Unless you’re a developer, most people talk about new housing in jaded tones. Given the way homes go up in a matter of minutes, built in a range of styles you can count on one hand, who can get excited about the idea of new construction? The spark of energy that should emanate from folks on the verge of purchasing their own place seems to have dimmed with their options: Their imagination is limited by feeling their only choices in home design are between the developer’s ranch home or his stately brick mini-mansion.
But remember the days when your family would field trip to the conceptual home of the future? At Disney World’s EPCOT Center, an animatronic narrator would excitedly tell us how all homes would soon be round or tubular, that dirty dishes would be cleaned by robotic hands, that conveyor belts would move us from room to room. How excited we got over those promises; those concept homes encouraged wild flights of imagination.

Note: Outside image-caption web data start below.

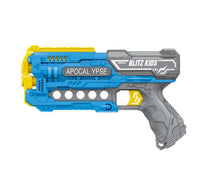 Skid Fusion Soft Bullet Gun Set 8631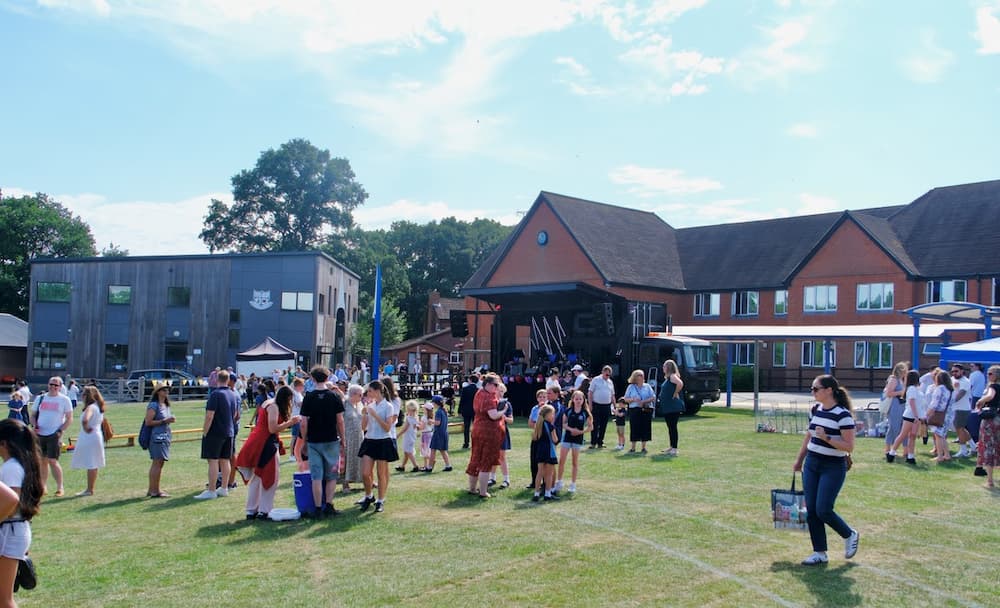 SustainFest 2025 Unites Sustainability, Creativity and Community at Holme Grange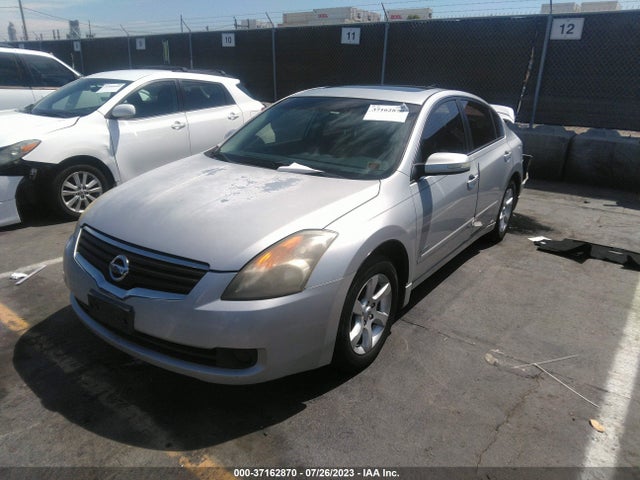 2008 NISSAN ALTIMA VIN: 1N4CL21E98C239038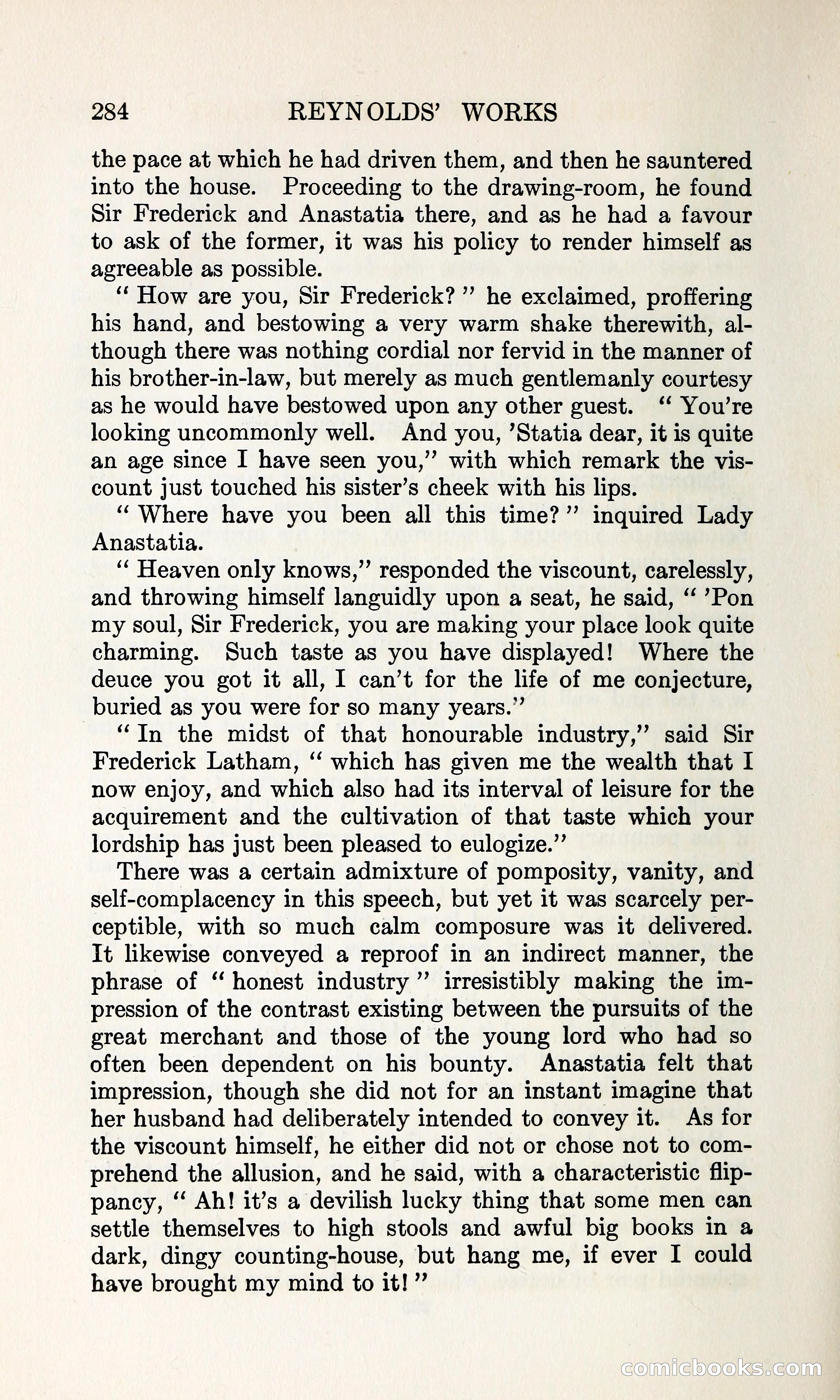 The Mysteries of the Court of London — page 315 of 399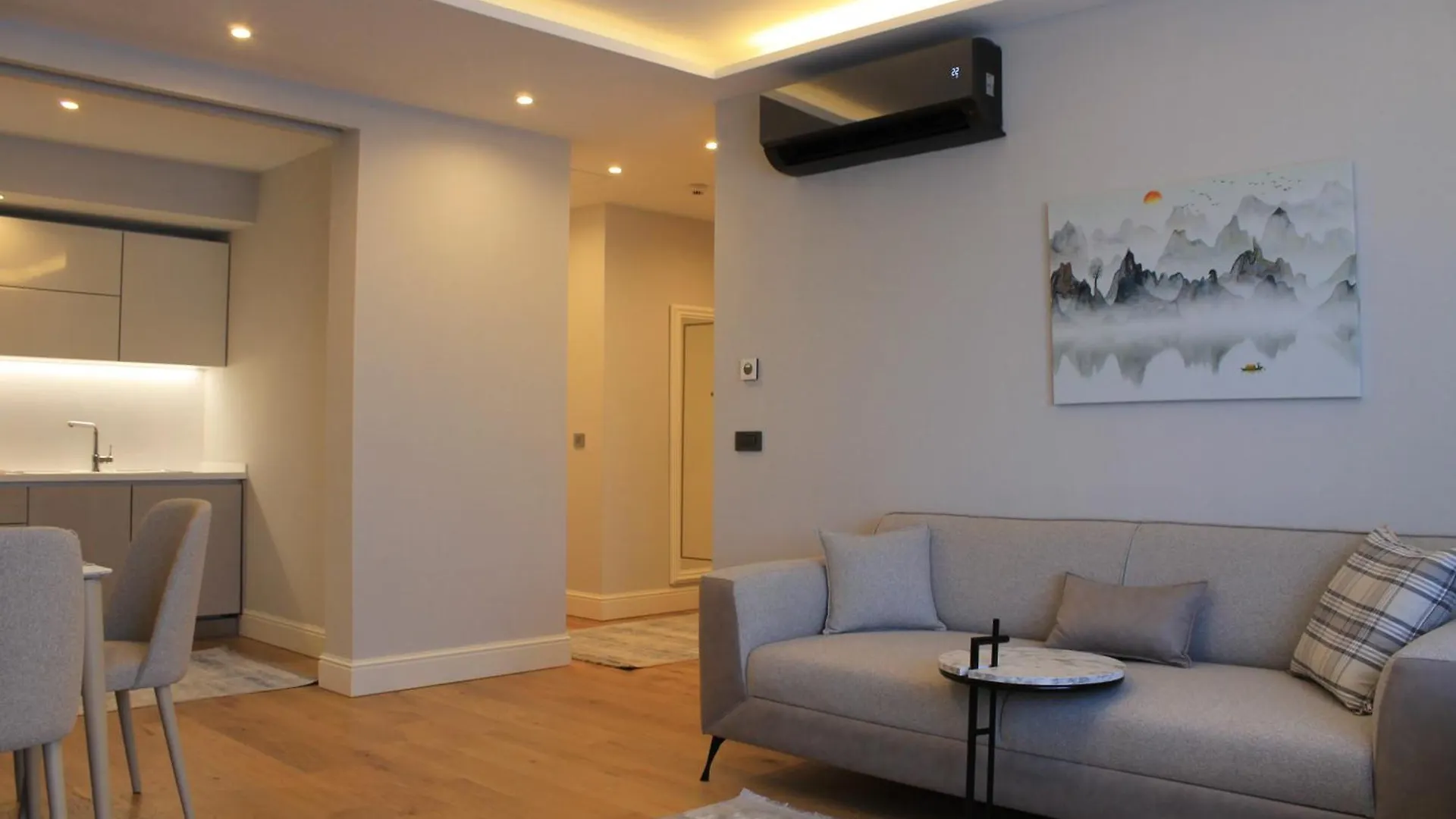 호텔 Garlon Residence 이스탄불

But the dream of a truly futuristic middle-class home seems to have been left behind. The focus of technology has turned away from the robot-managed homes aimed at making our domestic lives easier to computer science to make our work lives easier. In the age of the microchip, where are our Homes of the Future? Bypassing deadlines set by George Orwell (1984–Big Brother becomes a constant living companion) and Arthur C. Clarke (2001–live in outer space and chat with your kids via videophone) for when we’d all join the über-future, we’ve instead reverted back to ideas of the past. But the Victorian and Colonial eras, as charming as those times were, are not now, nor will they be our future.
In this issue of Casa, we dip back into the past to try to recapture former generations’ inventive spirit and provide some cultural context for their imaginings about domestic life. We’ll also present a prediction of what the homes in our future may look like, given our current cultural and sociological climate. Matt Jones highlights some Triangle homes that looked to a future that never quite came into being. Angie Carlson ruminates about those elements of our pop culture that seem to fight progress. And finally, instead of complaining about our apparent lack of future fever, Raleigh architect and professor Gail Borden lays out his plans for a home that may seem futuristic, but could plant the seeds for a new revolution in home design today.